On another note, think of it this way: if we found a way to cure all diseases in this world, doctors would be out of work. If we found a way to end crime, law enforcement would be out of work. If we cured mental illness, therapists would be scrambling to support themselves. And hell, if we abolished all forms of exploitation, I’d have to make videos about…cats or something. And also, just because you can make money from something, doesn’t make it right.
The fact people will lose their jobs and have to find alternative employment after the dissolution of an unjust industry does not make the industry just. We’re talking dollars to lives. You can get another job, but these horses have but one life, and it’s not meant to be spent like this. [tweet this]

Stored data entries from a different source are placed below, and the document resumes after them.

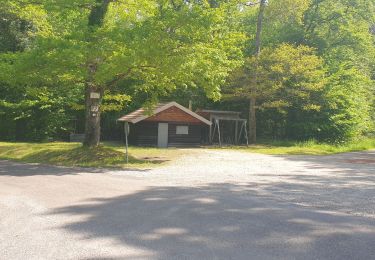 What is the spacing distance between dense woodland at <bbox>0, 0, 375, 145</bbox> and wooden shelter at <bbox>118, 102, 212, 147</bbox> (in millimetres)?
2227

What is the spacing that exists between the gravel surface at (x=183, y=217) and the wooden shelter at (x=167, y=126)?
16.4 m

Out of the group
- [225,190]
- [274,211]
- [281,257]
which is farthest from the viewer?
[225,190]

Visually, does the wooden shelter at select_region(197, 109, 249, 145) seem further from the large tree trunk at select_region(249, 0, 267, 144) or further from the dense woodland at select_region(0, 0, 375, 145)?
the dense woodland at select_region(0, 0, 375, 145)

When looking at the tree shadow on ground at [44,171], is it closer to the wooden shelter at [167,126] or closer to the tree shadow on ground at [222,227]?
the tree shadow on ground at [222,227]

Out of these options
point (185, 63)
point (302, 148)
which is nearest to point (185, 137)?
point (302, 148)

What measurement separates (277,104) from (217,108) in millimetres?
7533

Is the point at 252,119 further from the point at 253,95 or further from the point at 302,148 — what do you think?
the point at 302,148

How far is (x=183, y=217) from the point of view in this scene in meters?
7.82

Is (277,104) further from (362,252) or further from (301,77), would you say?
(362,252)

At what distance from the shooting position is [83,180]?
13000 mm

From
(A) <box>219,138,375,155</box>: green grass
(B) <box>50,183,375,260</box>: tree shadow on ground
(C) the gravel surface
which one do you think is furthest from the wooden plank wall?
(B) <box>50,183,375,260</box>: tree shadow on ground

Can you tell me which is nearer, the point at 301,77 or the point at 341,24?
the point at 301,77

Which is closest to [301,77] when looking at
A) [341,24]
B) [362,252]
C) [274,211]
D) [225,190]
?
[341,24]

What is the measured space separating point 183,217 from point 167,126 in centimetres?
2341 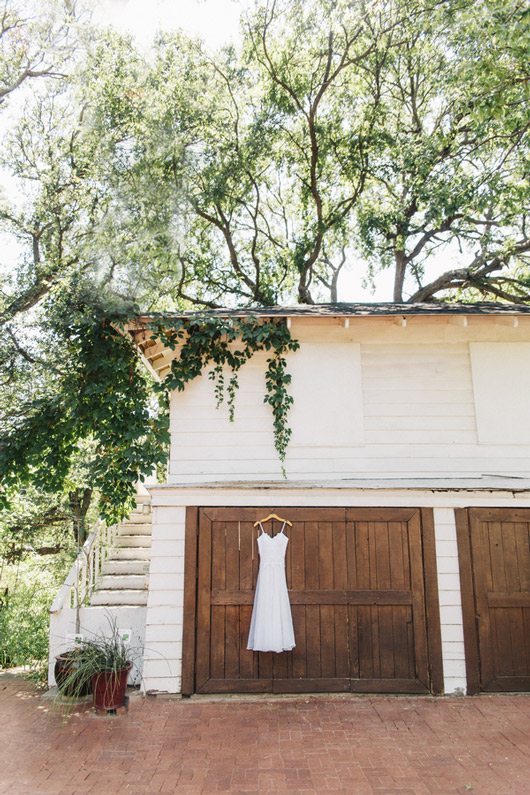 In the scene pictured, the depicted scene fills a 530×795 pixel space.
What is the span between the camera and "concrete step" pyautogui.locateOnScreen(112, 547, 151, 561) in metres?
8.27

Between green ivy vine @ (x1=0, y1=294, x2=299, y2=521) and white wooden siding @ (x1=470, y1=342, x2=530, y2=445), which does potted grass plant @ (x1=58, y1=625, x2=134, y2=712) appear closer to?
green ivy vine @ (x1=0, y1=294, x2=299, y2=521)

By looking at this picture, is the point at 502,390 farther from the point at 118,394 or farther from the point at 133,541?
the point at 133,541

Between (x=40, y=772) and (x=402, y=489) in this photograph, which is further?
(x=402, y=489)

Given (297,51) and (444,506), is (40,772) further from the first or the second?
(297,51)

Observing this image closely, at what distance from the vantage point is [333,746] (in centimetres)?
492

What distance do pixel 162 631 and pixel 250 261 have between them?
11257mm

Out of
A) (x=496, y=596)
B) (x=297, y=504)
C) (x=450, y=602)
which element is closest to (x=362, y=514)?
(x=297, y=504)

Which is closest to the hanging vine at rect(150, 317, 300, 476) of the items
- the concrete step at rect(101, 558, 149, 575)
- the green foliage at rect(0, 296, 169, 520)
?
the green foliage at rect(0, 296, 169, 520)

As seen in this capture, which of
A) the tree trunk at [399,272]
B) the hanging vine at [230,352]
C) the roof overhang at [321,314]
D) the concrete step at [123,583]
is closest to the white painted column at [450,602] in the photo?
the hanging vine at [230,352]

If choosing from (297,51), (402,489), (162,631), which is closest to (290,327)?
(402,489)

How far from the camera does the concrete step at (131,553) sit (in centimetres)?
827

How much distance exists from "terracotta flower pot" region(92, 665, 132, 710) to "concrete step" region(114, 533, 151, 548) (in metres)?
2.85

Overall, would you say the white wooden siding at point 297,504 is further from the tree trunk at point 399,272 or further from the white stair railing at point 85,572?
the tree trunk at point 399,272

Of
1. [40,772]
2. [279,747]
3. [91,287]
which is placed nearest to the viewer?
[40,772] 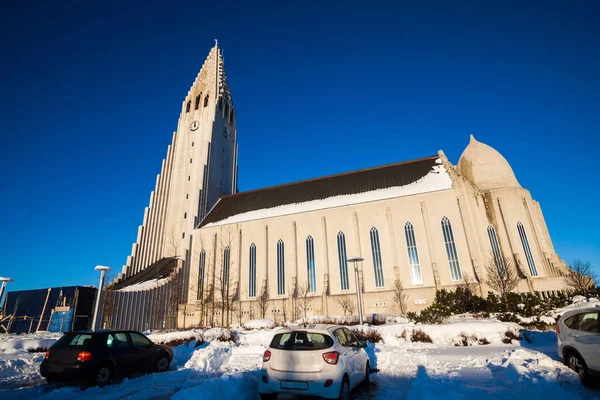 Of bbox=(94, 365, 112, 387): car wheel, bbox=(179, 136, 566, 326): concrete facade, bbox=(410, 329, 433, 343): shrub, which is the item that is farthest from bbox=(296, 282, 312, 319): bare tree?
bbox=(94, 365, 112, 387): car wheel

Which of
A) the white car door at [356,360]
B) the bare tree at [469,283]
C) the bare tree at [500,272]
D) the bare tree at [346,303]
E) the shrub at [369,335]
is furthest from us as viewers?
the bare tree at [346,303]

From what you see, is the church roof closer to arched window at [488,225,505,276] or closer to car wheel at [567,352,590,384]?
arched window at [488,225,505,276]

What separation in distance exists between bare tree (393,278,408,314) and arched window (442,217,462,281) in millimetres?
4574

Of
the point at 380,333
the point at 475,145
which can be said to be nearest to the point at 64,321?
the point at 380,333

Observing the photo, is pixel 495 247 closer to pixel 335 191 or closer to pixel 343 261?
pixel 343 261

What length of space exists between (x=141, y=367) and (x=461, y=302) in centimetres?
2040

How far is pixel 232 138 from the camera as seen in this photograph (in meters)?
55.0

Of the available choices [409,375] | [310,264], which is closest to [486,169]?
[310,264]

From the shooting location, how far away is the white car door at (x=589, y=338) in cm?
630

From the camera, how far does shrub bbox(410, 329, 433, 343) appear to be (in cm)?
1412

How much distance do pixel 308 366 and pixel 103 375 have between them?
5707mm

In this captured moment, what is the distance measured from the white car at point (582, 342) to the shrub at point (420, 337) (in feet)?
22.8

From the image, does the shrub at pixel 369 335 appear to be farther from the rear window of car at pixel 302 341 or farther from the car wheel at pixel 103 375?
the car wheel at pixel 103 375

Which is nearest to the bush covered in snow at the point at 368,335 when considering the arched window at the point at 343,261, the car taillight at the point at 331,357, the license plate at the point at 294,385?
the car taillight at the point at 331,357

I’d love to hear from you on this topic: Where do you stand in the debate? Let me know in the comments!
— Emily Moran Barwick
Corrections & Clarifications
In the video, I originally attributed two partial quotes to veterinarian Jeffie Roszel. The first partial quote is actually from an article covering the study by Dr. Roszel rather than a direct quote from him. The second partial quote comes from veterinarian Holy Cheever in a letter she wrote to legislators. I’ve corrected the written article with accurate phrasing and attributions.